**Provided records:**
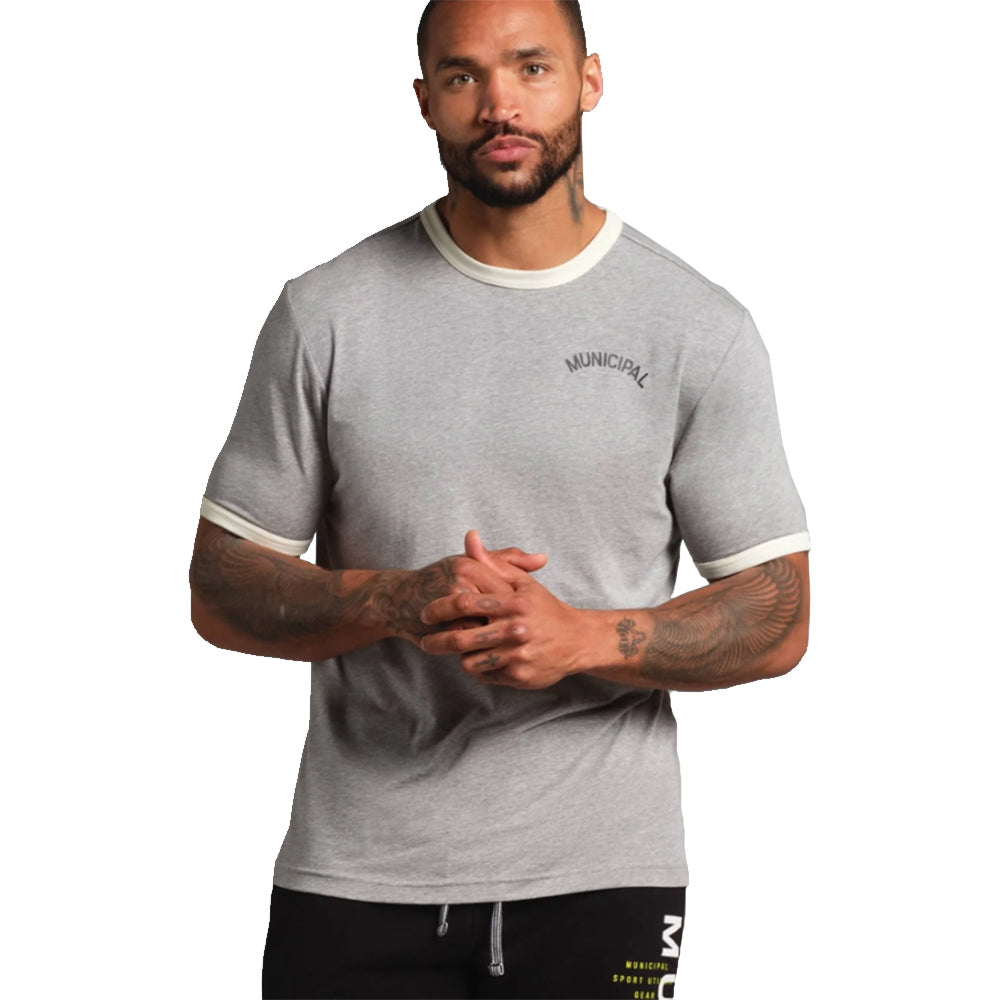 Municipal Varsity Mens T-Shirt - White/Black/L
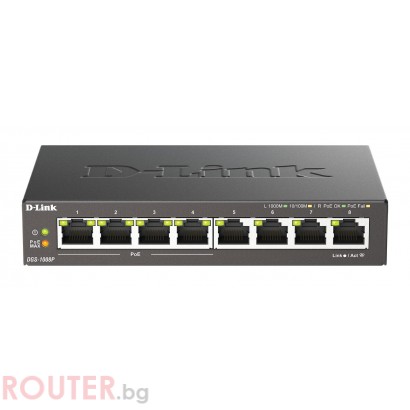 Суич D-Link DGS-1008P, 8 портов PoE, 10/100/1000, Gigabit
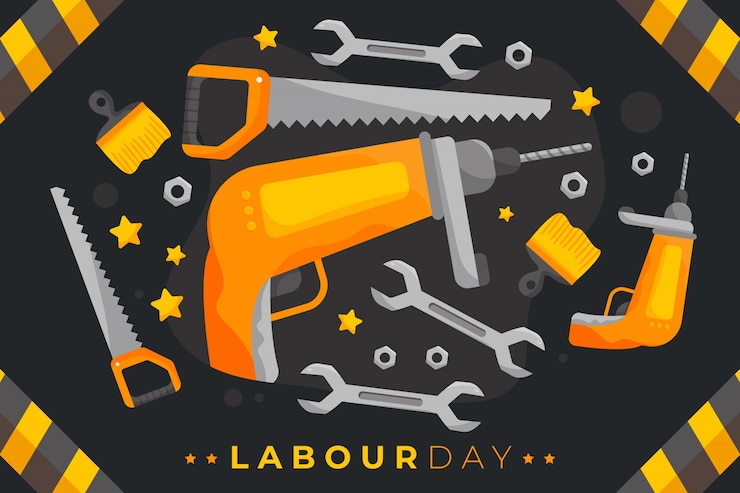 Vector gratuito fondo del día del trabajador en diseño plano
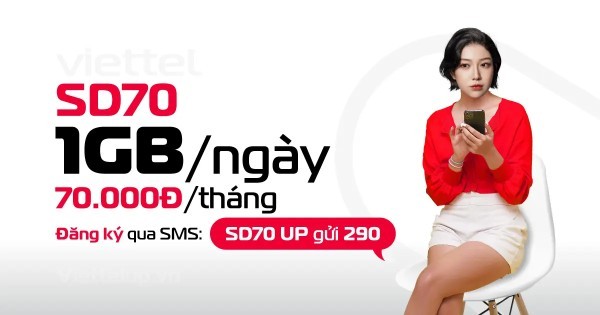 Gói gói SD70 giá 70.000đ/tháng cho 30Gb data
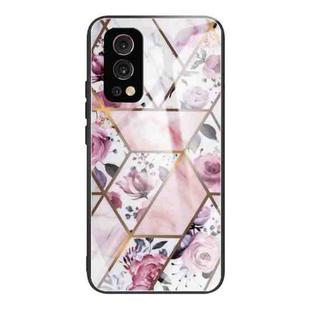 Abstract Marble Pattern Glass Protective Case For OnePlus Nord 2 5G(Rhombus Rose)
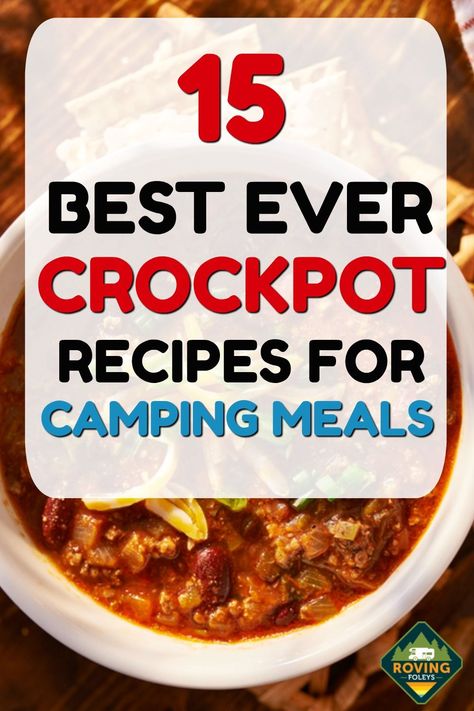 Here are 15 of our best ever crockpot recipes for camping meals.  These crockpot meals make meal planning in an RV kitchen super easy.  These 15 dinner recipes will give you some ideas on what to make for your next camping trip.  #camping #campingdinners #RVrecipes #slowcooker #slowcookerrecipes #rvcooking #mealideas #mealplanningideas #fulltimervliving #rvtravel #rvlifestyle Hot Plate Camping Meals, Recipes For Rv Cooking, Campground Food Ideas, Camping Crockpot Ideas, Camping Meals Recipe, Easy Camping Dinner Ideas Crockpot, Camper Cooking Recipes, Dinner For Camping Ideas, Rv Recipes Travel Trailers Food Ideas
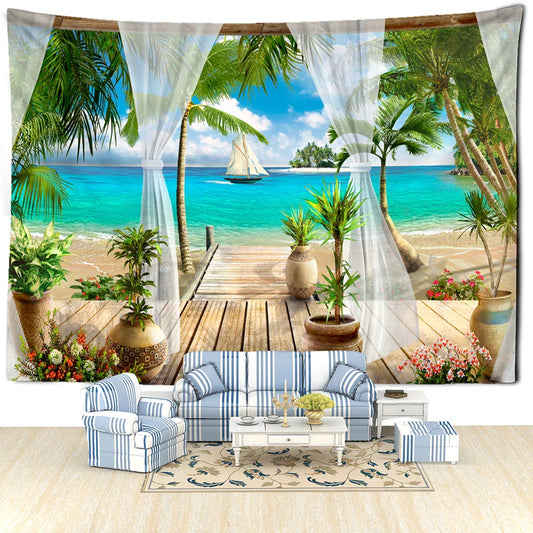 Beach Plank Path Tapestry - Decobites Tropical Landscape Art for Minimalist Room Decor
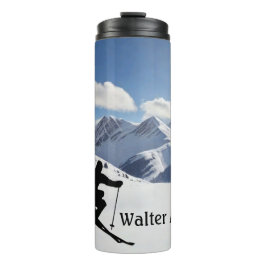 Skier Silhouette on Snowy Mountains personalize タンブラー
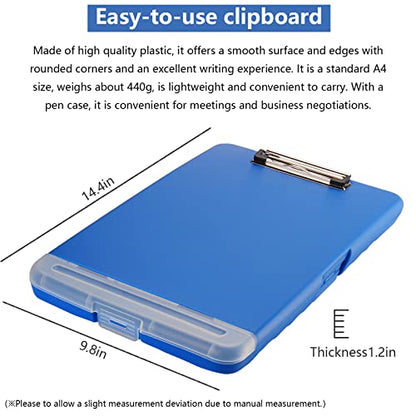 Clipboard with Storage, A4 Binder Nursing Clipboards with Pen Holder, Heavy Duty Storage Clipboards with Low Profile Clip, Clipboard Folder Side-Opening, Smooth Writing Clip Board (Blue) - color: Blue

...

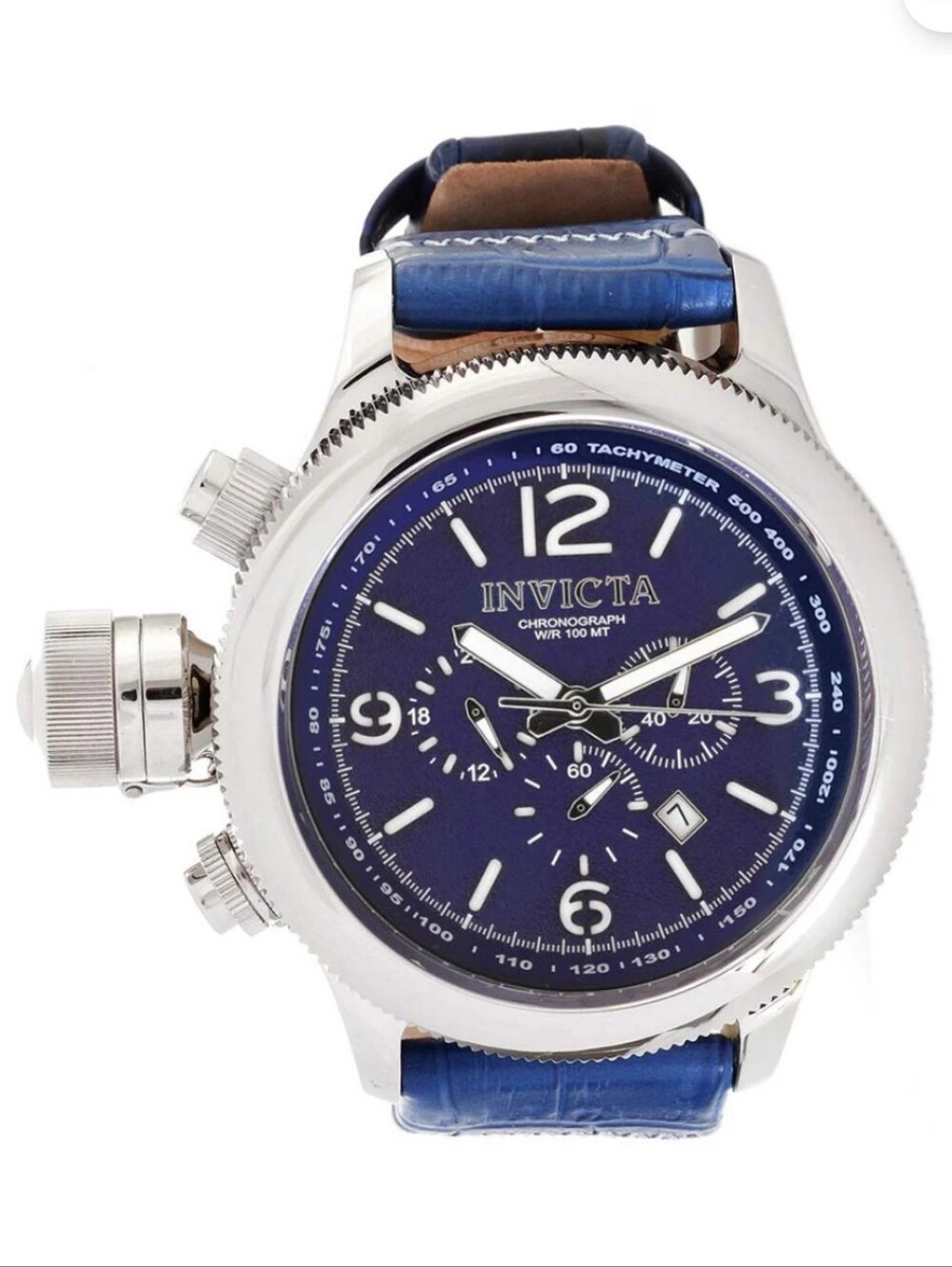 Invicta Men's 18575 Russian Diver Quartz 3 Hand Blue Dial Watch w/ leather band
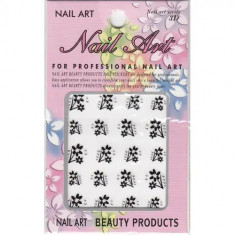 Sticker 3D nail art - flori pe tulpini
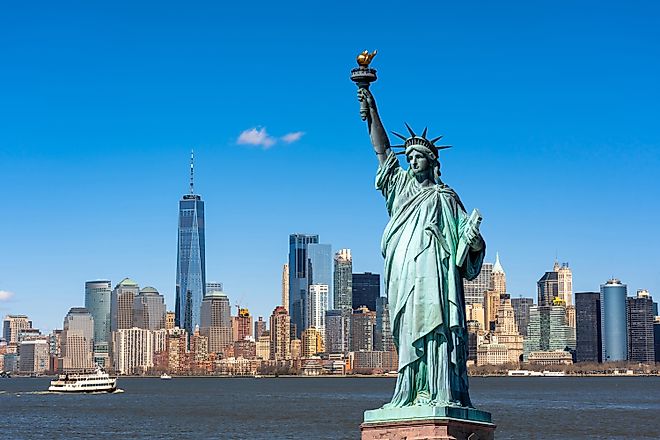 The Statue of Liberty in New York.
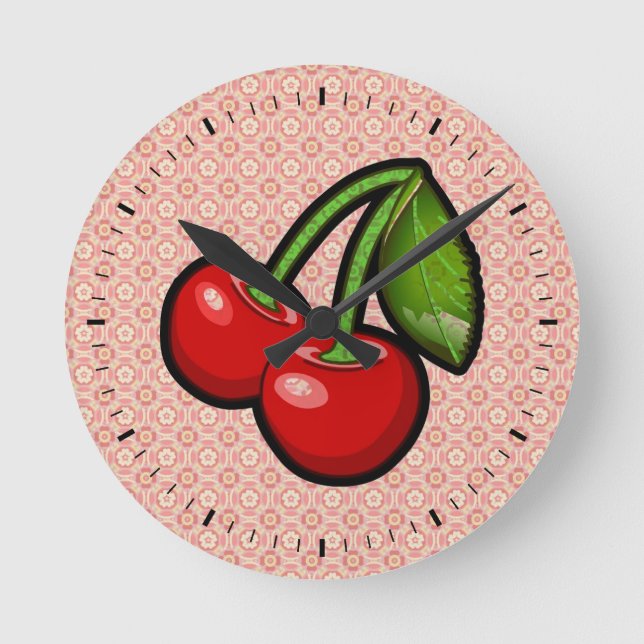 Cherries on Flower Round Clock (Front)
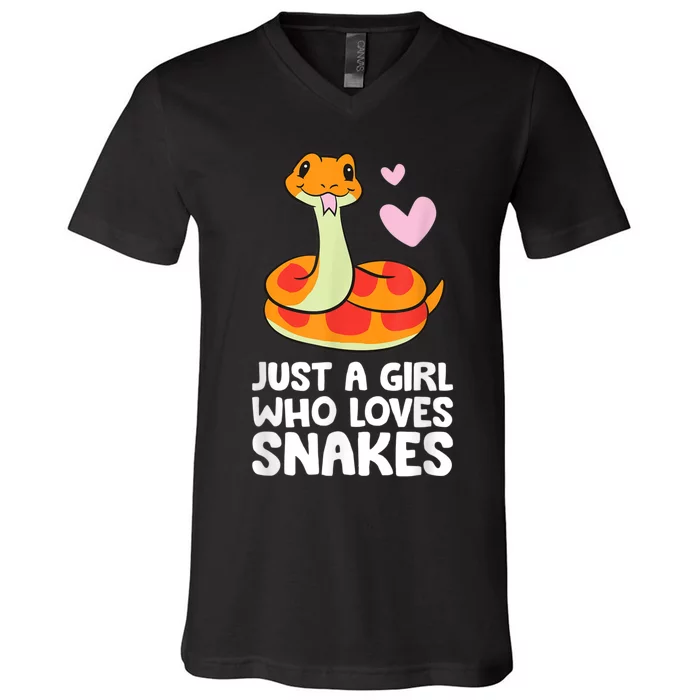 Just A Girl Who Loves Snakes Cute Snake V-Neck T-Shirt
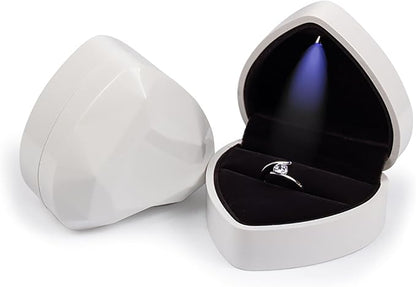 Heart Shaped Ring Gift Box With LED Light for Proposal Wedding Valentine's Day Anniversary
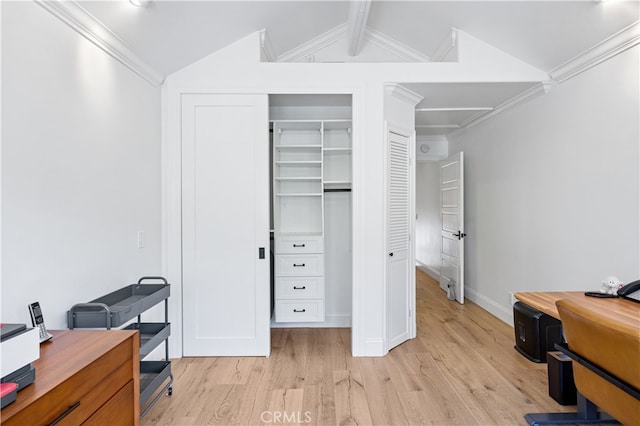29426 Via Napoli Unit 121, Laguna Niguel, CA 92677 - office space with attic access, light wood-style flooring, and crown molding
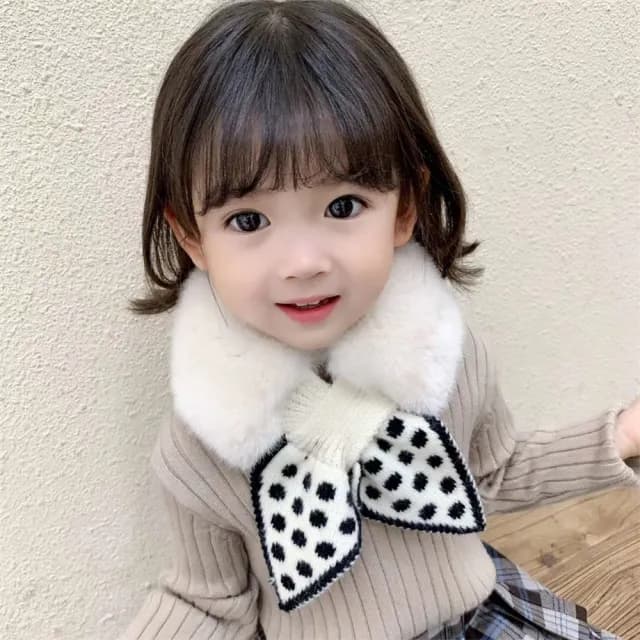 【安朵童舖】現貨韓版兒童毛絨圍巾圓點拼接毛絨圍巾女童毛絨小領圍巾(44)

...

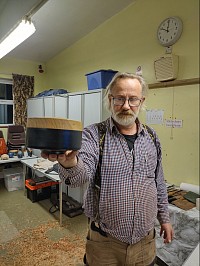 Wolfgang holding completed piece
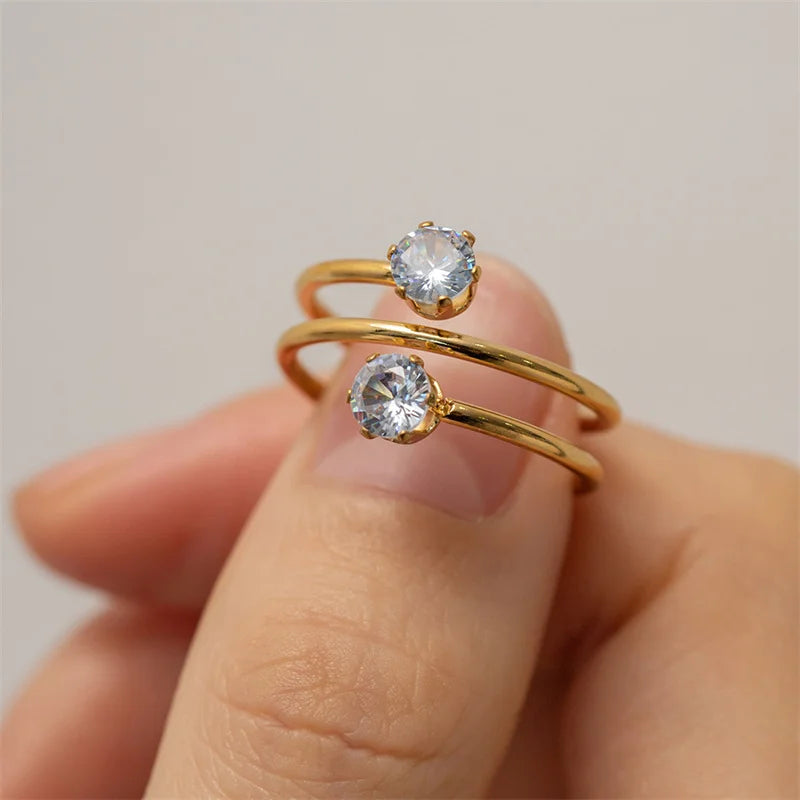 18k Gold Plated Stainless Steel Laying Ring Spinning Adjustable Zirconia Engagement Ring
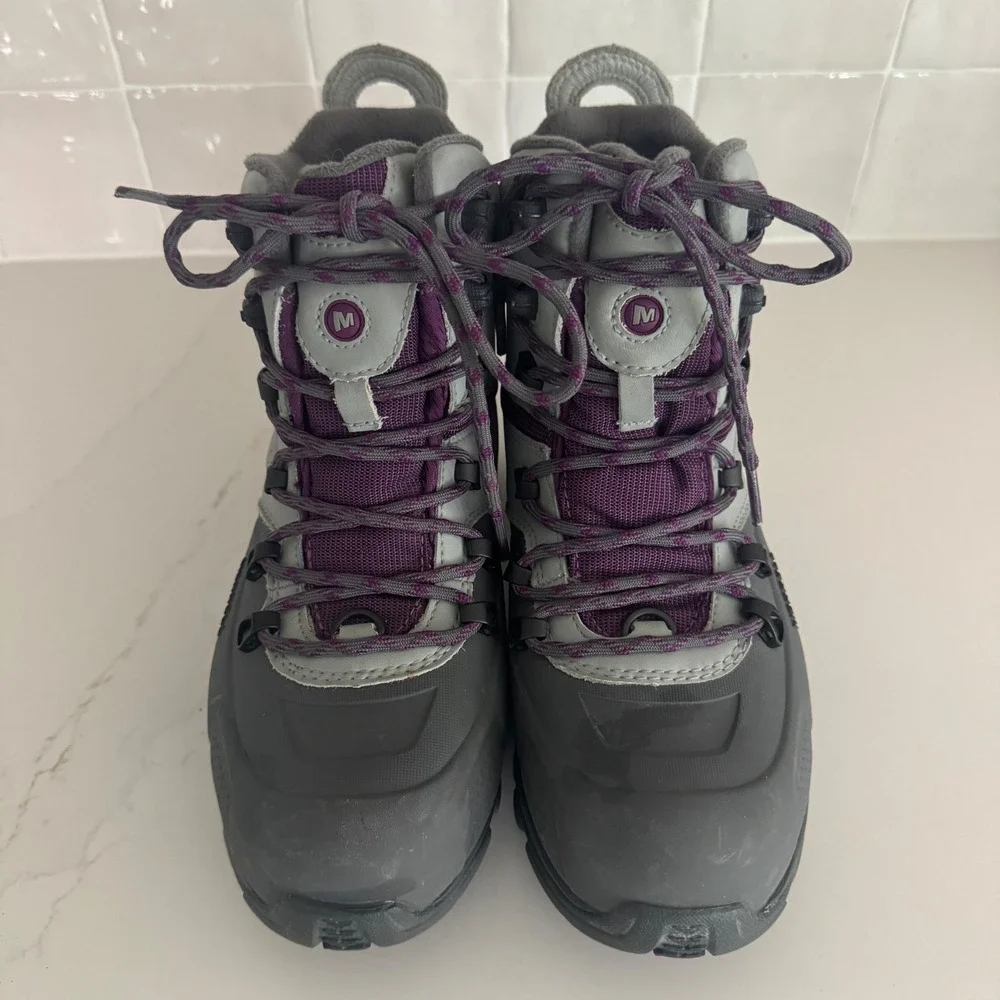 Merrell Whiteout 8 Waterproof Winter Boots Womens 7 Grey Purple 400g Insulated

**Exercise:** Once the line with "Here are 15" is found above, print it and every line after it through the line with "Clipboard with Storage, A4", exactly. Pictures stay out.

**Final answer:**
 Here are 15 of our best ever crockpot recipes for camping meals.  These crockpot meals make meal planning in an RV kitchen super easy.  These 15 dinner recipes will give you some ideas on what to make for your next camping trip.  #camping #campingdinners #RVrecipes #slowcooker #slowcookerrecipes #rvcooking #mealideas #mealplanningideas #fulltimervliving #rvtravel #rvlifestyle Hot Plate Camping Meals, Recipes For Rv Cooking, Campground Food Ideas, Camping Crockpot Ideas, Camping Meals Recipe, Easy Camping Dinner Ideas Crockpot, Camper Cooking Recipes, Dinner For Camping Ideas, Rv Recipes Travel Trailers Food Ideas
 Beach Plank Path Tapestry - Decobites Tropical Landscape Art for Minimalist Room Decor
 Skier Silhouette on Snowy Mountains personalize タンブラー
 Clipboard with Storage, A4 Binder Nursing Clipboards with Pen Holder, Heavy Duty Storage Clipboards with Low Profile Clip, Clipboard Folder Side-Opening, Smooth Writing Clip Board (Blue) - color: Blue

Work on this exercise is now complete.